Took my yarn to the knitting group today - had too many things to do, getting wool and patterns for the other ladies, 4 new members. Carried my yarn back home, Had a nap - 2 hours, and started my Alexandra shawl. Now I'm checking out the new forum for to-day


----------



## Cindy M (Sep 5, 2011)

patti de carteret said:


> what type of yarn did you use for this adorable baby sweater?
> patti


Are you talking about mine? This was (Jo-Ann Fabric and Crafts) Sensations Rainbow Classics brushed bulky acrylic in Bright Baby Pastels shade. Was trying to take pics with a webcam so the quality's not that good. Here's a closeup of the colors. Loved this yarn! The self striping in this is awesome.


----------



## Karena (Jul 3, 2011)

I have admired that yarn at JoAnn's may times. No little ones to knit for, so when I learn how, I must do some for charity. 
Such lovely soft colors.
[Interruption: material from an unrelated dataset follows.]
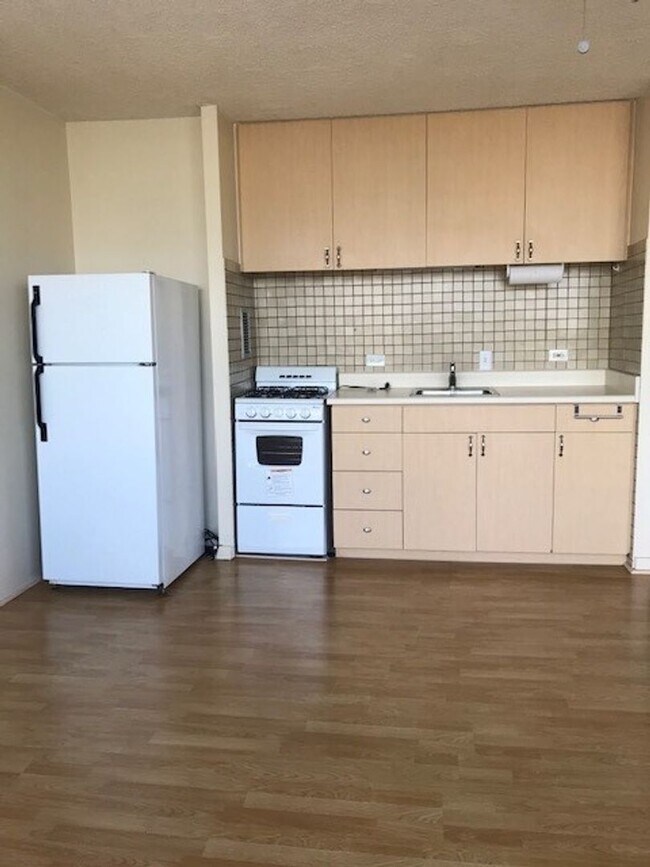 Building Photo - Available Now | Full Size Studio with 1 Ba...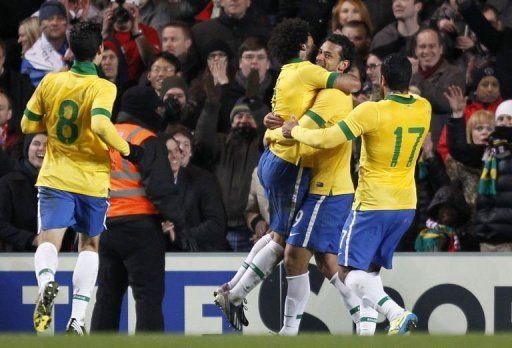 Brazil striker Fred (2R) celebrates scoring the equaliser against Russia at Stamford Bridge on March 25, 2013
Geat Job!
Karen


----------



## Rhonda-may (Feb 15, 2012)

Hi Elizabeth
There is a knit world in Dunedin, Wellington and Lower Hutt, I manage to visit all three. There was also a wool shop I dont know the name but it's about 800 metres walk from the cruise ship terminal in Taurang. I only bought wool that was from NZ they stocked other more common brands you can buy at spotlight. The Knit World store in Lower Hutt distributes email orders.
Hope this is some help.
Rhonda


----------



## Cindy M (Sep 5, 2011)

Snappy25 said: What pattern is that? Is it knit top down in one piece?

It's knit top down and the last thing is picking up stitches to do the hood. This is my own pattern. Not really written down. I'm starting to get more into designing but I don't do anything fancy.


----------



## juanitah03 (Nov 8, 2011)

Well I finished a washcloth, finished a scrubbie, started and almost finished with dishcloth. The washcloth is part of a group of washcloths that is going to a missionary in Africa for children there. It is through a friend's church. She has made more than I have but I am working on them. The dish/washcloths are my go to items for mindless knitting for groups or meetings since I don't have to think about them too much. Scrubbies are the same way since I have memorized the pattern.


----------



## Knitaddict (Feb 16, 2012)

duckie43 said:


> storms passed me but hit pretty cloce


Me too. Spent some time with neighbors in their basement... It turned into a pajama party!


----------



## Billings (Dec 29, 2011)

Am patiently waiting for spring to arrive here in the Pacific NW! Running errands today, not enuf time for knitting, DARN. Just one row done on my afghan> Hopefully more "stitchin" time tomorrow.


----------



## deescrafty (Nov 18, 2011)

I'm knitting the scarf for my swap, should finish tomorrow so I can get it off Monday. Had to frog a bit of it back because I wasn't paying attention (distracted by my cat playing with new toy)!


----------



## Chayjan (Oct 4, 2011)

ylostn said:


> There are two projects looking at me...finishing up a bunny rabbit and half way done with a sweater for ME! Waiting on a storm that is to hit around here in a few hours...in Illinois!


Hi, you say waiting for a storm to reach you.On ours news this morning a tornado hit some of your states yesterday it sounded quite horrific in places. My thoughts are with you all.Hope all our sister KPers are ok


----------



## Chayjan (Oct 4, 2011)

Lynda from Watford said:


> Very mild in the UK - not normal for March. After work I continued to knit dishcloths (I have learned so many new stitches and techniques that I was scared to try on 'real' projects - it's opened a whole new world for me) until it was time to go out...to help organise a friendship group (singles but not matchmaking) for us older people in the area. I wanted to join something like that and it didn't seem to exist so I was 'invited' to do something about it so I'm giving it a go. Wish me luck.


Good for you Lynda,as you get older friendship is very important hope it's a success.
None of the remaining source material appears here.